I'm running a dual-booting computer with Windows 7 and Linux Mint installed on it, and I am using a logical NTFS partition that can be accessed both from Linux and Windows.
After having started Windows (and had a system update forced upon me), this partition seems to have lost all its content; in Windows it looks completely empty and in Linux it contains only a $RECYCLE.BIN folder, a System Volume Information folder and a download folder (I had previously removed the first two of these folders, and I suspect that they now have been regenerated by Windows).
However, when I run df -h in Linux, it says that I have only 2.6 GB of free space left on this partition, which is the same amount as before the content went missing.
Running mount reveals that the partition—/dev/sda7—is mounted to /z (which it should be), and running sudo fuser /dev/sda7 to get the PID of the mounting process and ps -e | grep <PID> reveals that the process that is mounting it is mount.ntfs which in turn, indirectly, runs /bin/ntfs-3g (if that is to any help).
I have shut down the computer properly both from Windows and from Linux and not put it in hibernation, so I think the partition should have been properly unmounted from both systems.

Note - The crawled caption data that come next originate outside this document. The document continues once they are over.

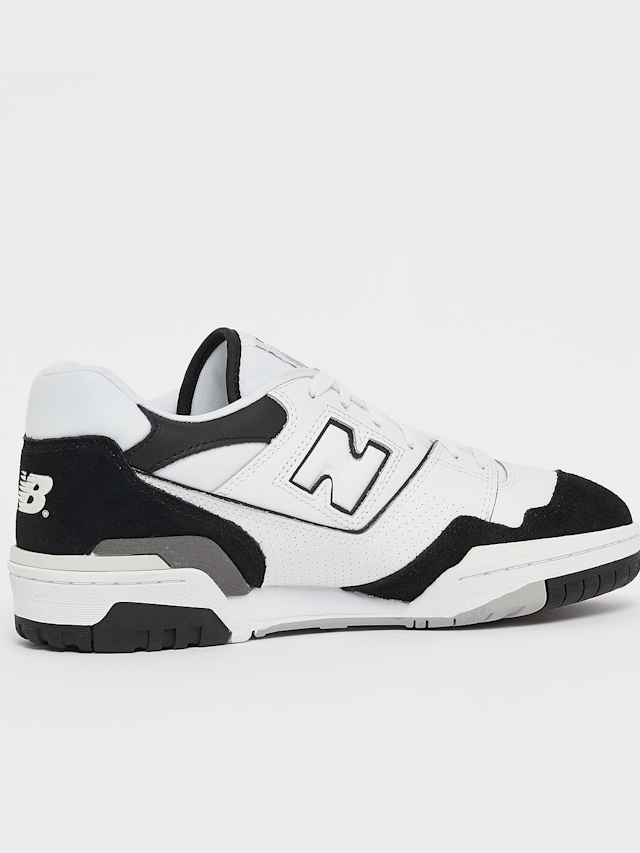 New Balance, 550, wit, Afbeelding 3 van 5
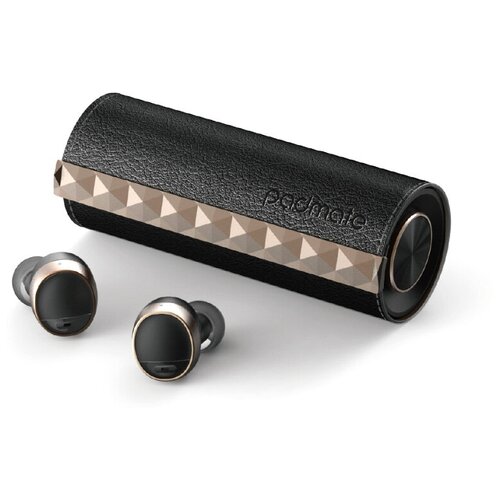 Беспроводные наушники Padmate PaMu Scroll T3 black 376000₽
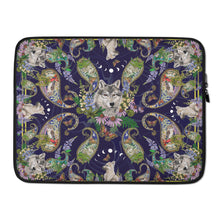 Load image into Gallery viewer, Lone Wolf Laptop Sleeve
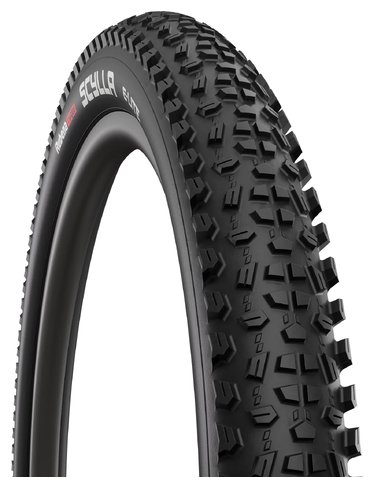 Покришка 29x2.25 (57-622) Rubena Scylla E-LITE 60 TPI, eBike, чорна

Additionally, the download folder was automatically recreated when I started my torrent client, since it is in that folder it by default puts everything it downloads. This folder previously existed and had a lot of content in it, but now it seems to be almost empty except from a new folder that was created for a new download I that started.
So my question is: What has happened, and is there and way to get back the content that went missing?